(Record excerpts Opens)

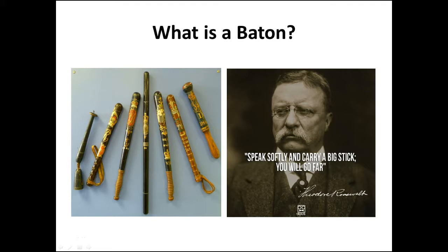Although the baton came into existence during the 1800s with Robert Peel's bobbies, it has since that time become more symbolic as a tool of oppression and police brutality.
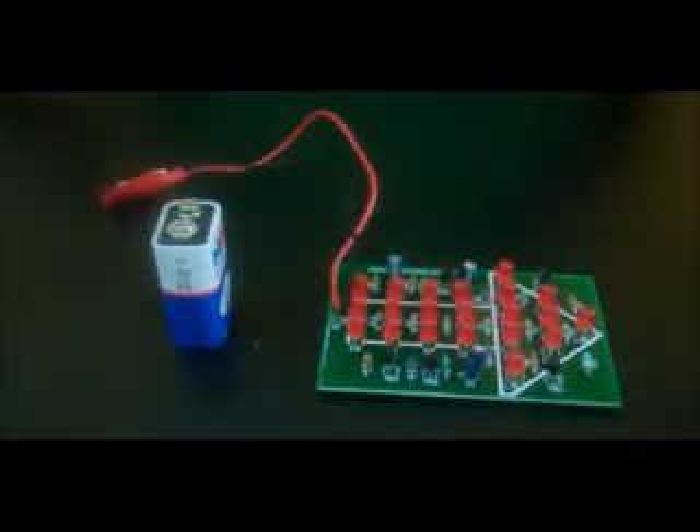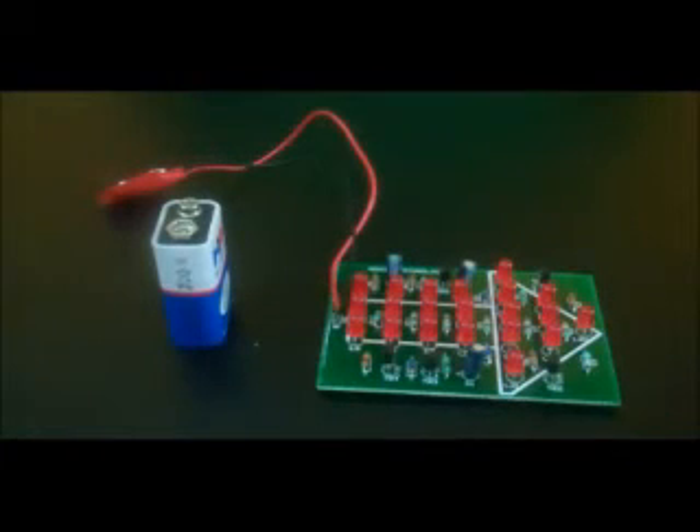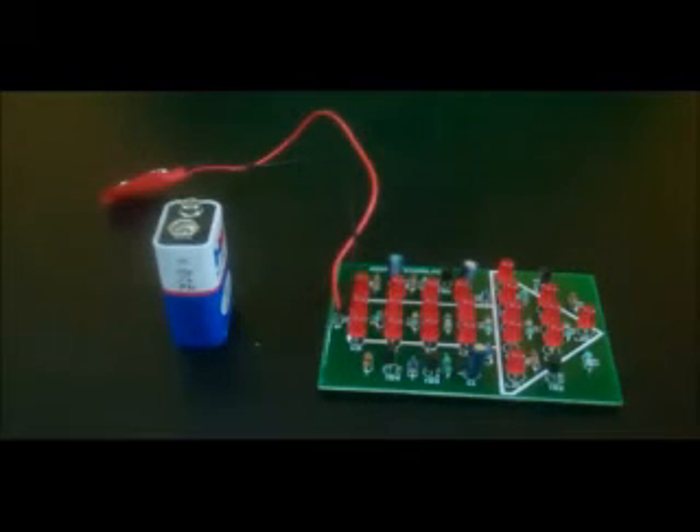This is what the Adorme traffic diverter looks like. This kit is ideal for learning how to create attractive LED displays for grabbing attention, diverting traffic, and advertising purposes. They are perfect for use in outside rooms or restaurants.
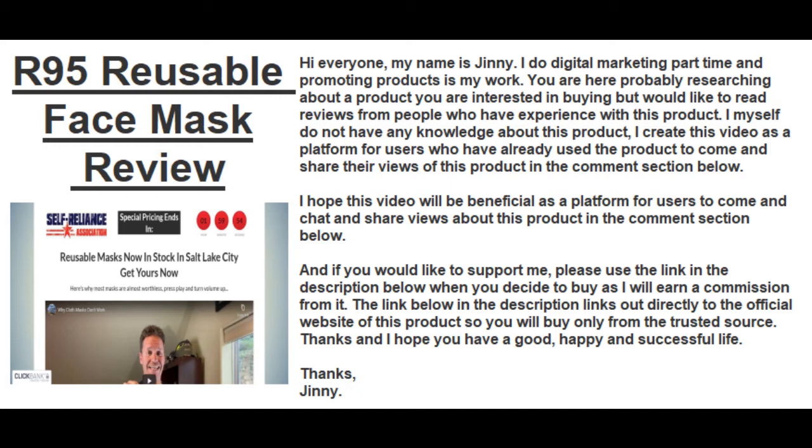The link below in the description links directly to the official website of this product, so you will buy only from a trusted source. Thanks, and I hope you have a good, happy and successful life.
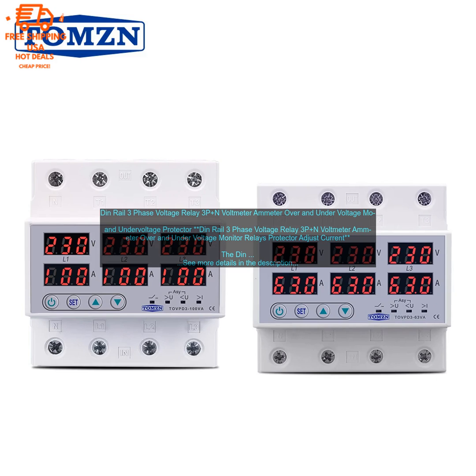Here are some of the benefits of using this relay: it protects your home or business from power surges, it is easy to install and use, it is compatible with a wide range of electrical systems, and it includes a voltmeter and ammeter.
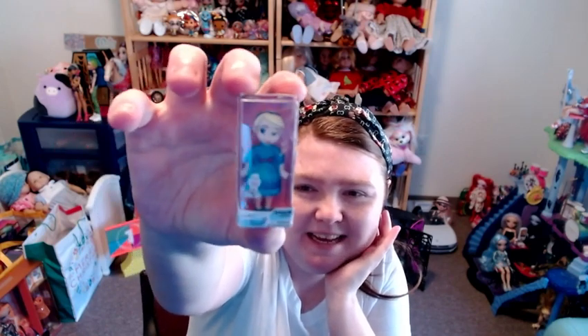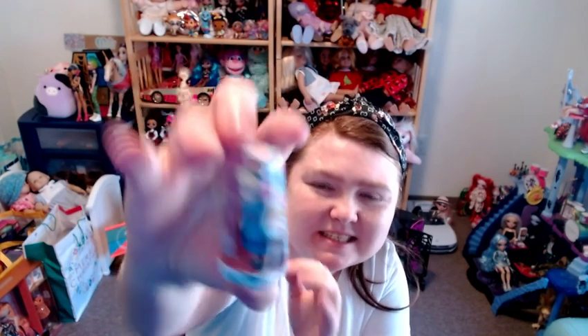Okay we got a good mini brand, y'all! It's from the Disney animated collection — we got Elsa! It's got details on the side of the box that's going to be perfect in the dollhouse. I'm psyched for that one.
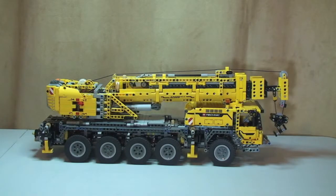Hello YouTube, Adult Fan of LEGO UK here. In front of you is the beast that is LEGO Technic Mobile Crane Mark 2, set number 42009. This is going to be a full review of this set. It's got 2,606 pieces and it probably took me around about ten hours to build in total. It's a beast — a real fun build, with a lot of Technic pieces.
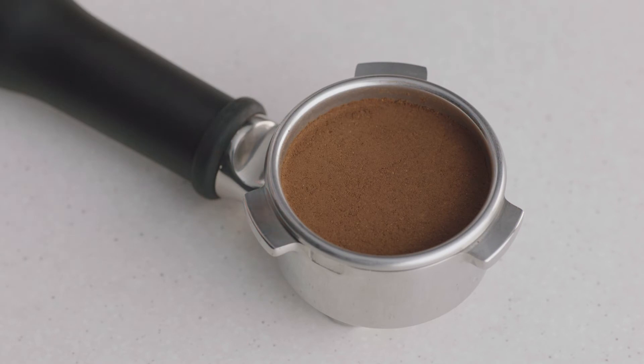After the coffee has been tamped, your filter basket is now dosed with the correct amount of coffee and is ready to use to make an espresso.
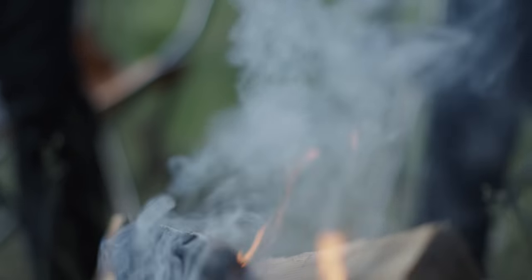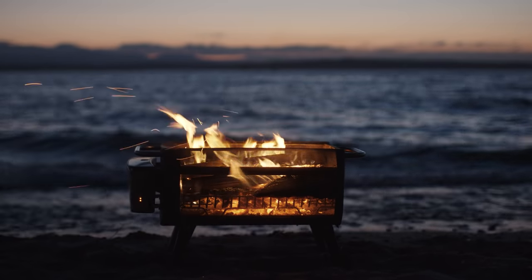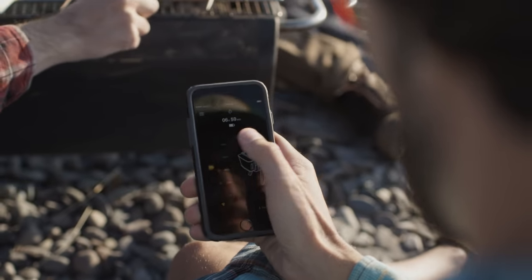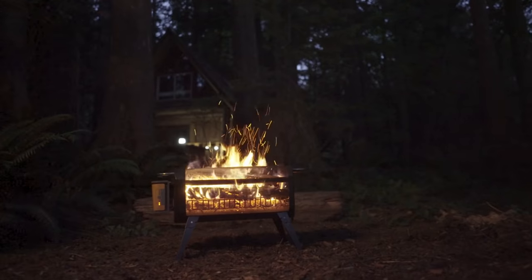It's time to upgrade your fire with the BioLite Fire Pit, a Bluetooth-controlled wood-burning system that can cook your meals and create an outdoor floating fire without any of the smoke.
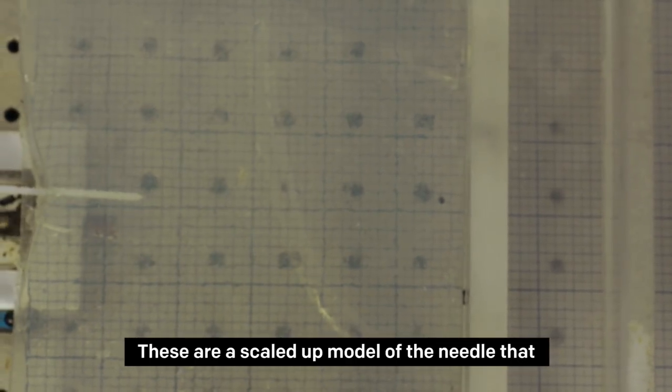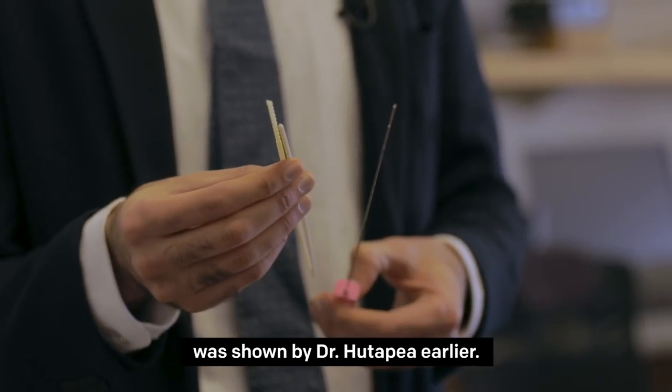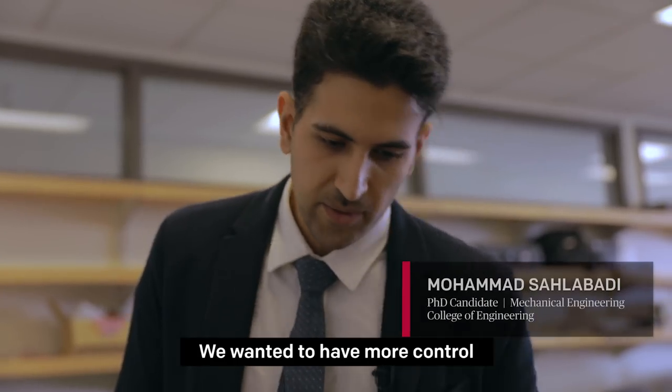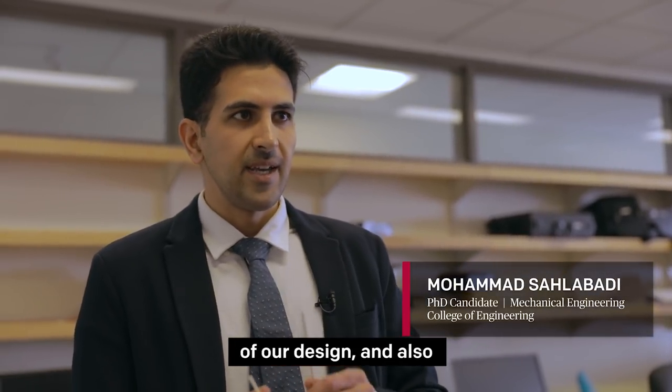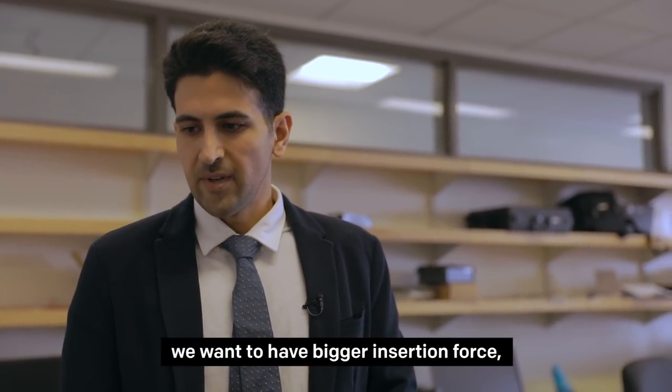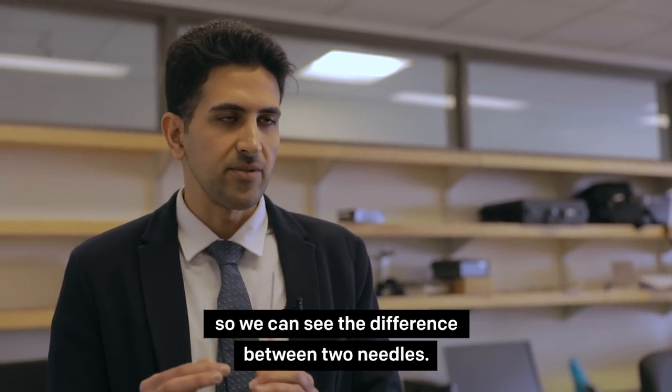These are a scaled-up model of the needle shown by Dr. Hutapia earlier. We wanted to have more control over our design, and we also want to have bigger insertion force so we can see the difference between 2D and L configurations.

(Record excerpts Closes)

Work task => Line for line, output the entries above from the line with "Here are some" to the line with "After the coffee", both included, and nothing more. Skip pictures.

Solution =>
Here are some of the benefits of using this relay: it protects your home or business from power surges, it is easy to install and use, it is compatible with a wide range of electrical systems, and it includes a voltmeter and ammeter.
Okay we got a good mini brand, y'all! It's from the Disney animated collection — we got Elsa! It's got details on the side of the box that's going to be perfect in the dollhouse. I'm psyched for that one.
Hello YouTube, Adult Fan of LEGO UK here. In front of you is the beast that is LEGO Technic Mobile Crane Mark 2, set number 42009. This is going to be a full review of this set. It's got 2,606 pieces and it probably took me around about ten hours to build in total. It's a beast — a real fun build, with a lot of Technic pieces.
After the coffee has been tamped, your filter basket is now dosed with the correct amount of coffee and is ready to use to make an espresso.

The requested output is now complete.